L‘Arcep rappelle qu’elle a ouvert en mars 2022 un guichet d’expérimentation dans cette bande (plus précisément sur les 3,8 à 4,0 GHz) pour des usages industriels. Il a été prolongé à deux reprises, pour un total de 132 demandes, « conduisant pour l’instant à l’attribution de 116 autorisations ».
L’Arcep compte ouvrir les deux bandes, avec deux méthodes différentes
Avec sa consultation, l’Arcep espère obtenir des éclaircissements « dans la perspective de futures attributions de ressources spectrales en bandes 3410 – 3490 MHz et 3,8 – 4,2 GHz en Métropole, dans un contexte où il existe des demandes pour des attributions locales permettant le déploiement de réseaux mobiles pour des usages professionnels ».
En l’état, l’Arcep envisage deux pistes. Premier point : « proposer au Gouvernement des conditions d‘attribution de la bande 3410 – 3490 MHz pour des réseaux ouvert au public, pour permettre aux opérateurs mobiles de compléter leur portefeuille de fréquences dans la bande 3,4 – 3,8 GHz en France métropolitaine ». Deuxièmement, une attribution locale de la bande 3,8 – 4,2 GHz « pour le déploiement de réseaux mobiles locaux répondant à des usages professionnels ».
La consultation sert à recenser les besoins des opérateurs mobiles dans la bande 3,4 GHz et recueillir les observations des acteurs sur l’ensemble des bandes dont il est question aujourd’hui.
Réaménager la bande de 3,4 à 3,8 GHz ? Possible… mais non
Dans son document, le régulateur soulève la question de réaménager la bande 3,4 à 3,8 GHz, mais referme cette possibilité : « l’Arcep n’envisage pas, a priori, d’imposer un réaménagement ». Elle explique sa décision par « des difficultés opérationnelles, et, d’autre part, des coûts de migration potentiellement conséquents ». La question semble posée pour le principe.
« Les équipements déjà déployés aujourd’hui dans la bande 3,4 – 3,8 GHz sont-ils en mesure d’exploiter, en tout ou partie, les fréquences de la bande 3410-3490 MHz ? », demande l’Arcep aux acteurs du marché.
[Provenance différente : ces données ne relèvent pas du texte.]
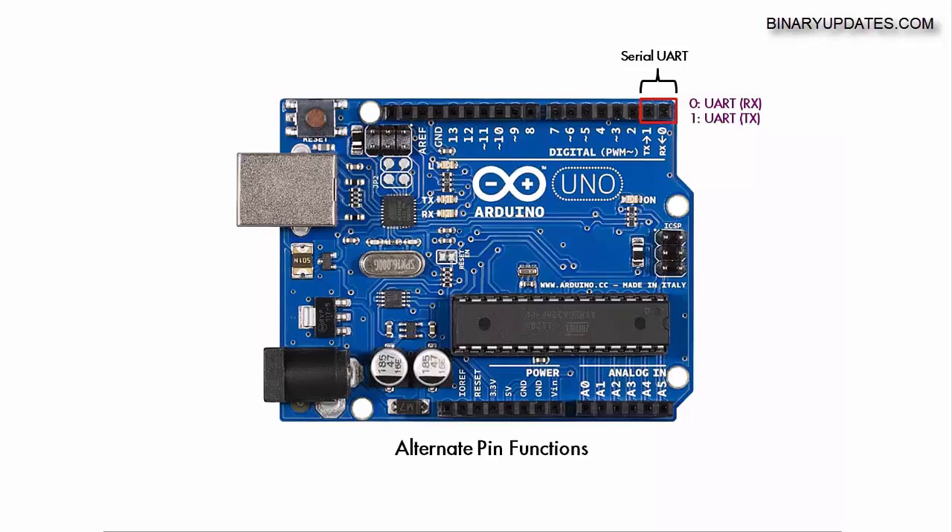These serial UART pins are very important because they are internally connected to the USB. They're used when you want to connect a serial Bluetooth module, serial GPS, GSM module, or many other external devices. They're also used for debugging when you write code. UART stands for Universal Asynchronous Receiver and Transmitter — the TX and RX pins are a very standard and commonly used protocol.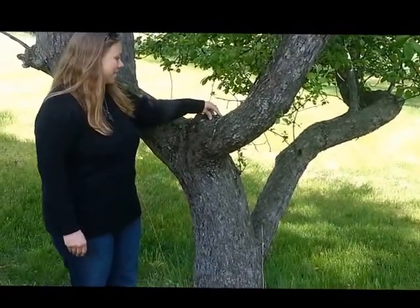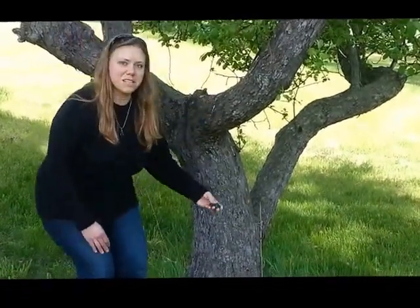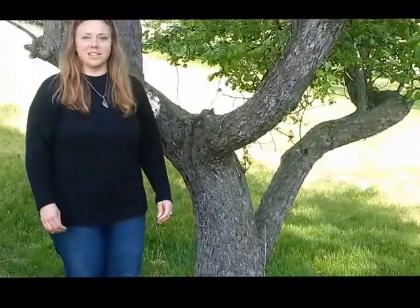Another way to do this is by placing the crystals at the base of the tree by the roots. I especially like to do this for crystals that are green and brown, and any crystals that help me connect with nature.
Après avoir fermé la porte à un réaménagement, elle revient donc par la fenêtre en demandant si les équipements actuellement sur le marché permettent « l’utilisation de blocs de fréquences non contigus dans cette bande ».
80 MHz vont être libérés sur les 3,4 GHz, de quoi augmenter le spectre des quatre opérateurs nationaux qui se partagent actuellement entre 70 MHz et 90 MHz (voir tableau ci-dessus).
De nouvelles obligations de couverture ?
Le régulateur voudrait également savoir si les acteurs du marché ont identifié « des zones qui nécessiteraient une amélioration de la connectivité/couverture mobile ». Les licences des fréquences sont généralement assorties d’obligations de couvertures.
Avec les 3,5 GHz pour la 5G, l’Arcep proposait aux opérateurs d’acheter à un prix fixe 40 MHz de fréquences, en échange d’engagements irrévocables. Les quatre ont accepté.
De la 5G pour l’industrie « au fil des demandes » ?
Sur la bande 3,8 à 4,2 GHz, l’Autorité rappelle qu’elle est aujourd’hui utilisée par les stations terriennes du
service fixe par satellite (FSS) et qu’elle « a vocation à le rester ». Mais, ces stations sont « déployées sur un nombre limité de localisations sur le territoire national ». Cela laisse de la place à d’autres usages, notamment la 5G « industrielle ».
L’Arcep demande donc au marché s’il a « des observations sur le principe d’attribuer les fréquences de la
bande 3,8 – 4,2 GHz pour des réseaux mobiles couvrant des usages professionnels ». Vient aussi la question sur une attribution locale « au fil des demandes ».
Et maintenant ?
L’Arcep dispose déjà d’une petite idée sur son plan de déploiement des fréquences, mais demande aux acteurs d’envoyer leurs retours pour détecter un éventuel éléphant dans la pièce. L’Autorité peut en tenir compte, ou pas.
*La consultation est ouverture jusqu’au 4 novembre 2024.